How to Start Your AAPA-PAEA Research Fellowship Application
By: Bettie Coplan, PhD, MPAS, PA-C
Research is vital to advancing PA education and the profession. Yet, even in academia, where research is traditionally encouraged, PAs struggle to find the time and resources necessary to develop strong research skills. By funding protected time for research and providing valuable educational sessions and networking opportunities, the AAPA-PAEA Research Fellowship serves as a unique opportunity for PA educators to obtain the kind of support needed to successfully pursue scholarly work. When I completed the Fellowship, I was nearing completion of a doctorate, and the support I received was crucial. I was able to broaden my skillset, finish my degree, and establish important connections with other researchers. I am fortunate now to be serving as a mentor to a current fellow.
Based on my experience, my main recommendation for those considering applying to the Fellowship is to definitely apply! Reach out to PAEA or AAPA if you have questions about your eligibility and make every effort to submit a successful application, but don’t be intimidated by the process.

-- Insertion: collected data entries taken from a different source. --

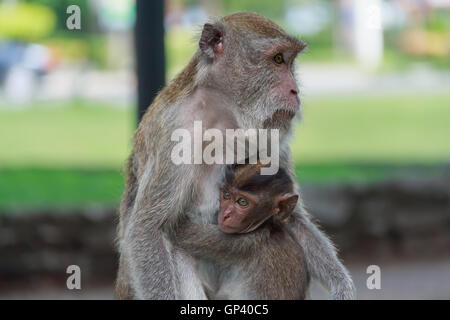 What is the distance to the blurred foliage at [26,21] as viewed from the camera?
2388 cm

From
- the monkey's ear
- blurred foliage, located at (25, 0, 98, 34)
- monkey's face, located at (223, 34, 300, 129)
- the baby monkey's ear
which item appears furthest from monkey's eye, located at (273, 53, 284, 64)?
blurred foliage, located at (25, 0, 98, 34)

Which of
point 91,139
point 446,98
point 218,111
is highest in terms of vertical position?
point 446,98

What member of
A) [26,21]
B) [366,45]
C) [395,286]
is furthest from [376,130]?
[395,286]

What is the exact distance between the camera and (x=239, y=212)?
200 inches

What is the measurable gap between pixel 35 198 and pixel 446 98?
17065 millimetres

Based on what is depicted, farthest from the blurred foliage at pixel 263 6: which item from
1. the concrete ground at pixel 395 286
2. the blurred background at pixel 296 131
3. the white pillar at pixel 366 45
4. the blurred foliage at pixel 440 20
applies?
the concrete ground at pixel 395 286

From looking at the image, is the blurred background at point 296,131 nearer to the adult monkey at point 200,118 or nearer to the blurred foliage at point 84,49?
the blurred foliage at point 84,49

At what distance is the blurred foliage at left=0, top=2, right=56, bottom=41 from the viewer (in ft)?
78.3

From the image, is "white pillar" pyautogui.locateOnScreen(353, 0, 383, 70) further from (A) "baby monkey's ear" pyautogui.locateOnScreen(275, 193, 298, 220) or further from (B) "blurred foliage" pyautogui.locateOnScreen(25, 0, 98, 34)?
(A) "baby monkey's ear" pyautogui.locateOnScreen(275, 193, 298, 220)

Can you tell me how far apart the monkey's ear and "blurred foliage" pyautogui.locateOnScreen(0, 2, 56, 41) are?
19.0 m

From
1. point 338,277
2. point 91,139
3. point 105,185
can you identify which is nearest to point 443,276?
point 105,185

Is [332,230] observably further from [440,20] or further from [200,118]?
[440,20]

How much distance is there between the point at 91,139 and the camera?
20812 mm

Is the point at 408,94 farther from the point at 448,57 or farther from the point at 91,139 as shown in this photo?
the point at 91,139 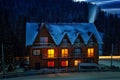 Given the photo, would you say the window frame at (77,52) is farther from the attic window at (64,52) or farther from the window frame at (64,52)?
the attic window at (64,52)

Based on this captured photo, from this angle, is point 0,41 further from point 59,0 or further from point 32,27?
point 59,0

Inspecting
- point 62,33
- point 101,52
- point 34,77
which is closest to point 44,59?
point 62,33

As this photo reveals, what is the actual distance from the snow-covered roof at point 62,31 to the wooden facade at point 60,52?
1.91ft

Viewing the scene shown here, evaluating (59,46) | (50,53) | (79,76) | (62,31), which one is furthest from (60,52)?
(79,76)

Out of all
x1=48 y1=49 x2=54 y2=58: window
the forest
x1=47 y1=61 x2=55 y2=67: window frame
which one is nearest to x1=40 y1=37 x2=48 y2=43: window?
x1=48 y1=49 x2=54 y2=58: window

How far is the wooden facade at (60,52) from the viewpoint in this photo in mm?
58406

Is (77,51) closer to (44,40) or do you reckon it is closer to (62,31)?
(62,31)

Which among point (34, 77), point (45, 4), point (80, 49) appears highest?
point (45, 4)

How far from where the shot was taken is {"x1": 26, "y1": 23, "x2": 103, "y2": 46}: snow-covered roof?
5897 cm

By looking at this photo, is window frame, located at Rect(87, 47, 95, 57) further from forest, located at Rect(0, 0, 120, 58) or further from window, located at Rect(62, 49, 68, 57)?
forest, located at Rect(0, 0, 120, 58)

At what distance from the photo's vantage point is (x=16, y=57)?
66.5 meters

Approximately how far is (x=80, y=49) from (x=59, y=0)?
10345cm

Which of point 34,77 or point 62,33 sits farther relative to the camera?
point 62,33

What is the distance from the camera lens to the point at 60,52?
2340 inches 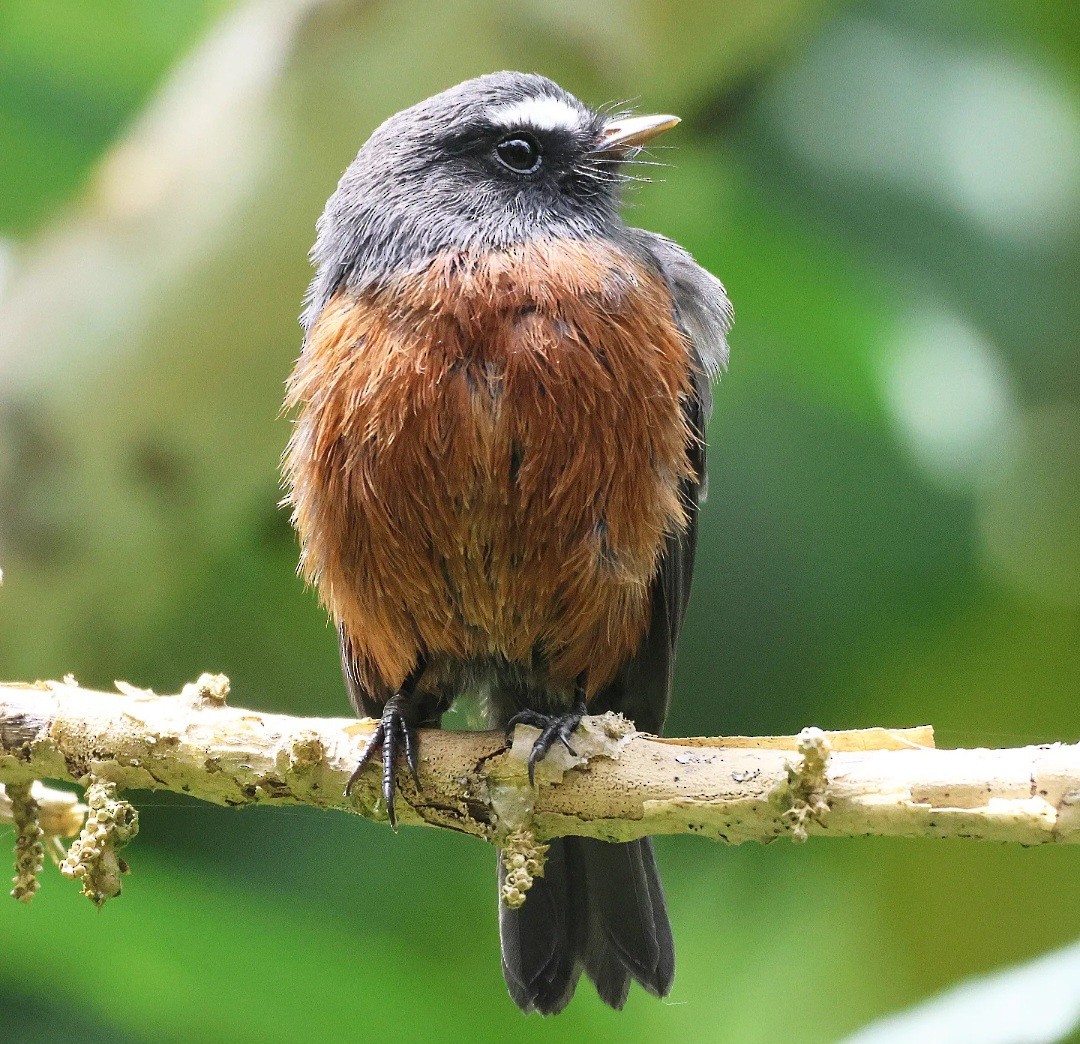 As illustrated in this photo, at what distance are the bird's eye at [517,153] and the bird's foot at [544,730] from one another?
1.39m

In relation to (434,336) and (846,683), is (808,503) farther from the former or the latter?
(434,336)

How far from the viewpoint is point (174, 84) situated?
475cm

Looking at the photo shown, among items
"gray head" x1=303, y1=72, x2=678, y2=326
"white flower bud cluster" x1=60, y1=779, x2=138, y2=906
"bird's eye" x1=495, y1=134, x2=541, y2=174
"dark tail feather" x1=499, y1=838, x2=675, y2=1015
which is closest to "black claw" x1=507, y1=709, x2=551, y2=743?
"dark tail feather" x1=499, y1=838, x2=675, y2=1015

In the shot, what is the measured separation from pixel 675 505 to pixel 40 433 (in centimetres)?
223

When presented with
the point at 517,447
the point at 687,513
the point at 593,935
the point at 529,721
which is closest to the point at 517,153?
the point at 517,447

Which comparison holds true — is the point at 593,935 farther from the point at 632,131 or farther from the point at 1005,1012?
the point at 632,131

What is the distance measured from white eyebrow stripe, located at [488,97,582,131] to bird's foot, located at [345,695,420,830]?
1.51 m

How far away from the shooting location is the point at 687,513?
3424 millimetres

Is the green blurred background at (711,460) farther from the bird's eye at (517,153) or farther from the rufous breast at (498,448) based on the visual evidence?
the rufous breast at (498,448)

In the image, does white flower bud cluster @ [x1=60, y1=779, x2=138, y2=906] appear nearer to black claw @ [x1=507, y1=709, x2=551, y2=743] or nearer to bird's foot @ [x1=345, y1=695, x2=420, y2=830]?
bird's foot @ [x1=345, y1=695, x2=420, y2=830]

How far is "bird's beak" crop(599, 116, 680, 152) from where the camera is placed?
3.50 m

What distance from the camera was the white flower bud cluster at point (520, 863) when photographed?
2482 millimetres

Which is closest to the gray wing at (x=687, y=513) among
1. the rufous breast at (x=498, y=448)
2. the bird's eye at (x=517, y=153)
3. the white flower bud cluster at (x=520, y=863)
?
the rufous breast at (x=498, y=448)

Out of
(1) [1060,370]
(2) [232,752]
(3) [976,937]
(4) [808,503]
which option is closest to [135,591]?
(2) [232,752] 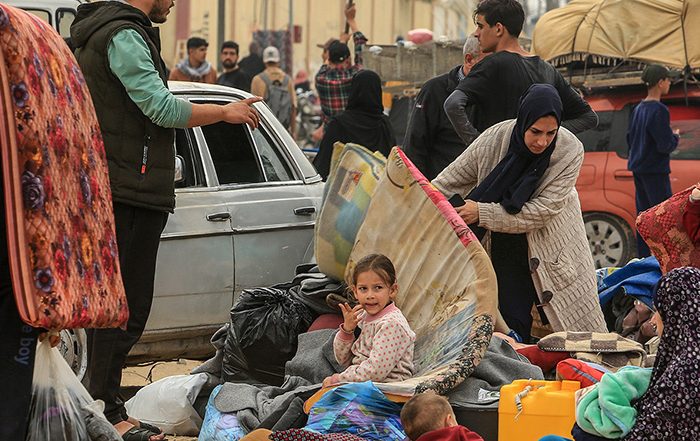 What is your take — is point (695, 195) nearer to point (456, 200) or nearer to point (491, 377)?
point (491, 377)

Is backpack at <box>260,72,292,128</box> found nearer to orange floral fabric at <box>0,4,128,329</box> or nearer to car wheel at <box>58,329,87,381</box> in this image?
car wheel at <box>58,329,87,381</box>

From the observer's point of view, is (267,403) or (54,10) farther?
(54,10)

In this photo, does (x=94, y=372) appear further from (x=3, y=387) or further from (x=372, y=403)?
(x=3, y=387)

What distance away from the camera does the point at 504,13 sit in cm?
797

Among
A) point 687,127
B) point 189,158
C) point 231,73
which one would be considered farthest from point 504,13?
point 231,73

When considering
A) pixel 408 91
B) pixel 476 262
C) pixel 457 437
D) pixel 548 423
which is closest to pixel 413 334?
pixel 476 262

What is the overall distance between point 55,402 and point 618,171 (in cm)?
944

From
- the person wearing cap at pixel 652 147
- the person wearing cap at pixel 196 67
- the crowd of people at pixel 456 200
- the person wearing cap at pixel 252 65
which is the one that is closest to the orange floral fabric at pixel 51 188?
the crowd of people at pixel 456 200

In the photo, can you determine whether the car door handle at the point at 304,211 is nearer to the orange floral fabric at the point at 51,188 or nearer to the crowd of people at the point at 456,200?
the crowd of people at the point at 456,200

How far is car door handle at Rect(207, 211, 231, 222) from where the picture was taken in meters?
7.68

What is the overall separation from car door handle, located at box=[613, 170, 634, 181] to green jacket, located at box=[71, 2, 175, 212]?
8049 millimetres

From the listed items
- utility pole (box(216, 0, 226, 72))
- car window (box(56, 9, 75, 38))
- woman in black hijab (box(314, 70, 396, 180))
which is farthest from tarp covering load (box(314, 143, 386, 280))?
utility pole (box(216, 0, 226, 72))

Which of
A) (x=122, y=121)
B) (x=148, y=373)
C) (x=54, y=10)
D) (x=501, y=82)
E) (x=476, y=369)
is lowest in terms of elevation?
(x=148, y=373)

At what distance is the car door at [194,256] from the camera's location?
7516mm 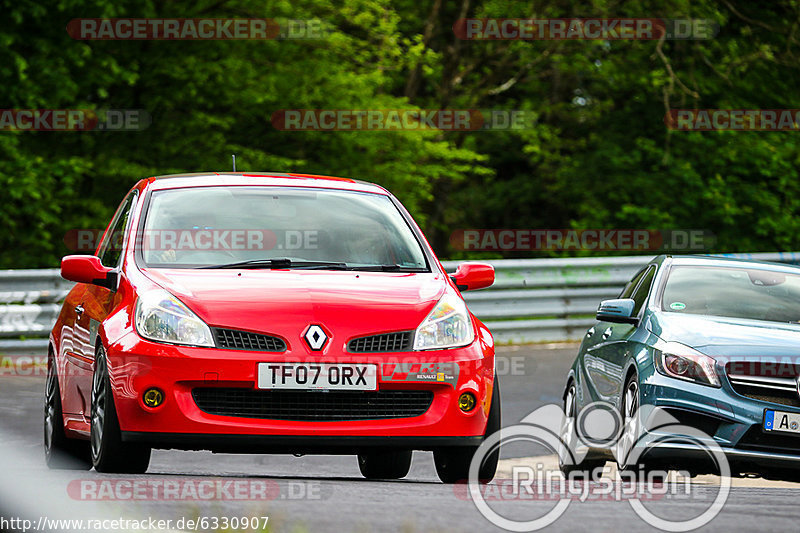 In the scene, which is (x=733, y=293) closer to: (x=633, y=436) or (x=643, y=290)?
(x=643, y=290)

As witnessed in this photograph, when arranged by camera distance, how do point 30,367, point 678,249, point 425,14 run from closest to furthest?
point 30,367 → point 678,249 → point 425,14

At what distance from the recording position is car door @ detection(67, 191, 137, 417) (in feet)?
24.7

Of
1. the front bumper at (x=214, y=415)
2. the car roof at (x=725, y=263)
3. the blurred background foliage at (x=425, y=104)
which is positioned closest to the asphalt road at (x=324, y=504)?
the front bumper at (x=214, y=415)

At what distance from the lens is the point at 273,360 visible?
675 cm

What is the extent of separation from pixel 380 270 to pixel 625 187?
74.6 feet

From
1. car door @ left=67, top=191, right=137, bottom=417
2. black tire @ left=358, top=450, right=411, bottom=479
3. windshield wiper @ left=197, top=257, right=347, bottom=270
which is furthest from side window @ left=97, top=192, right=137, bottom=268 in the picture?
black tire @ left=358, top=450, right=411, bottom=479

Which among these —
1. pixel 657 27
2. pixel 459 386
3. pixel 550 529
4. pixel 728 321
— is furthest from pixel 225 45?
pixel 550 529

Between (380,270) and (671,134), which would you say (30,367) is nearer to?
(380,270)

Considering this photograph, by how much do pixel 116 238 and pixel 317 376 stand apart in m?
2.11

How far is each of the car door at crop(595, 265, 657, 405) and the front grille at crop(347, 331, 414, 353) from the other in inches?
100

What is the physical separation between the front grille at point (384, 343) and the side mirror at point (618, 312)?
2.81m

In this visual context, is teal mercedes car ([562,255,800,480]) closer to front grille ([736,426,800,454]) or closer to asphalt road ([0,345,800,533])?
front grille ([736,426,800,454])

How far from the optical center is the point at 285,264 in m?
7.61

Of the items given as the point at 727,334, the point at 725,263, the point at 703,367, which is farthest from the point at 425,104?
the point at 703,367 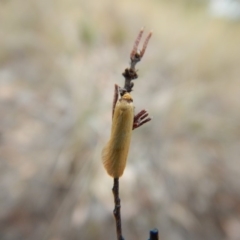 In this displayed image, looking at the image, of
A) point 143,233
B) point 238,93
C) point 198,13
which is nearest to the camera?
point 143,233

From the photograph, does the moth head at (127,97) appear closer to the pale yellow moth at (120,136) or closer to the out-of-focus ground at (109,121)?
the pale yellow moth at (120,136)

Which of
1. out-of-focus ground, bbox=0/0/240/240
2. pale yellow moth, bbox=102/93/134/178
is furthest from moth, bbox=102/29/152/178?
out-of-focus ground, bbox=0/0/240/240

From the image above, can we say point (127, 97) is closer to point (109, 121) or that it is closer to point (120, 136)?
point (120, 136)

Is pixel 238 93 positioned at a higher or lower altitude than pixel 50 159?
higher

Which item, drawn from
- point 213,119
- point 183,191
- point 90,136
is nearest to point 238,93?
point 213,119

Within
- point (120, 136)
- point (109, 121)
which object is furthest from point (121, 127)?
point (109, 121)

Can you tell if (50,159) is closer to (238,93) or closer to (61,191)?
(61,191)

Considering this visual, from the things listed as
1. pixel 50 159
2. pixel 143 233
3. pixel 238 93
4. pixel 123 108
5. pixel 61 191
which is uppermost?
pixel 238 93

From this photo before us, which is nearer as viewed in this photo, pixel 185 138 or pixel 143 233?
pixel 143 233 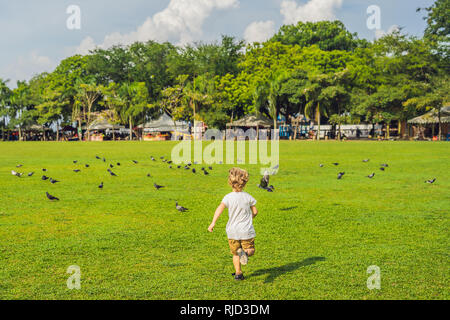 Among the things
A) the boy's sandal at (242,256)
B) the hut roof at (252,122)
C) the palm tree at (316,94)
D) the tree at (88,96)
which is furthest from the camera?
the tree at (88,96)

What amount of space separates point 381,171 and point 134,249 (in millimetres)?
14737

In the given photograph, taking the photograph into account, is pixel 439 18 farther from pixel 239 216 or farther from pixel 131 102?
pixel 239 216

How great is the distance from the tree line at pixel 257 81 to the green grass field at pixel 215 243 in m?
51.0

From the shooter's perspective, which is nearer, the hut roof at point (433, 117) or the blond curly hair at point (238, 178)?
the blond curly hair at point (238, 178)

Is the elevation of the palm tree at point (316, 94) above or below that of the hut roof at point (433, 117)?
above

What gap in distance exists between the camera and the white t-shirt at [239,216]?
590 cm

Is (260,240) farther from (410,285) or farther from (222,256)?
(410,285)

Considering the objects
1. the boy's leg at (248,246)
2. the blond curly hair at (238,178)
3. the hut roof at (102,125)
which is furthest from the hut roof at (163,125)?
the boy's leg at (248,246)

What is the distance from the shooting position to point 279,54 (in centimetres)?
7325

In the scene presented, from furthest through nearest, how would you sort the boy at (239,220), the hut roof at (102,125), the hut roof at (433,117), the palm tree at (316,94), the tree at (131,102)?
1. the hut roof at (102,125)
2. the tree at (131,102)
3. the palm tree at (316,94)
4. the hut roof at (433,117)
5. the boy at (239,220)

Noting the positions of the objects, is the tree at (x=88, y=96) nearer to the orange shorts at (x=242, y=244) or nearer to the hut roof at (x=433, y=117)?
the hut roof at (x=433, y=117)

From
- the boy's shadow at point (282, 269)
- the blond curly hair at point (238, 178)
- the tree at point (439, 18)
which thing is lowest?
the boy's shadow at point (282, 269)

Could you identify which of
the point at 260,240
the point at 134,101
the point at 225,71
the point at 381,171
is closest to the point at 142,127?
the point at 134,101

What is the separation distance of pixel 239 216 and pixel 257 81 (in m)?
65.9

For many, one of the first and most important steps in developing a strong application is to identify the individual who will serve as a mentor for the Fellowship research project. For those who do not have an established relationship with a potential mentor, don’t hesitate to reach out to someone who has similar or related research interests and ask if they’d be willing to work with you. Once you’ve identified someone, confirm they will be able to review your Fellowship application and provide feedback, as well as meet with you regularly if you are selected. From start to finish, you should be able to count on your mentor as a go-to person for guidance on your Fellowship research.
Although it might go without saying, I think it’s useful to remind ourselves that another initial step in developing a strong application is to carefully read the guidelines, evaluation criteria, and recommended research topics. The main feedback my mentor provided after she reviewed the first draft of my Fellowship proposal was to better align it with the evaluation criteria. Alignment is key. No matter how good a proposal, how it’s rated largely depends on how well it directly addresses the defined criteria.
Once you have completed a draft of your Fellowship application, obtain feedback not only from your mentor but from at least one or two others you can count on to provide constructive criticism. For example, ask someone with knowledge of statistics to critique the methodology and analytic plan section. Positive reviews with no suggestions for improvement feel good but are unlikely to strengthen your application. The same principle applies to getting ready for the Fellowship interview. Ask a colleague who will provide useful feedback to conduct a mock interview with you, using the Fellowship guidelines and the evaluation criteria as a guide for questions that are likely to be asked.
Finally, don’t be deterred if your first application is unsuccessful. You will receive valuable feedback from expert reviewers that will help strengthen your research in the future. Use your experience to improve your application the next time around – at least two other Fellows have successfully reapplied when they weren’t selected on their first try. They incorporated their feedback and aligned it to the evaluation criteria to craft a strong, fundable proposal. The opportunity the Fellowship offers is definitely worth pursuing.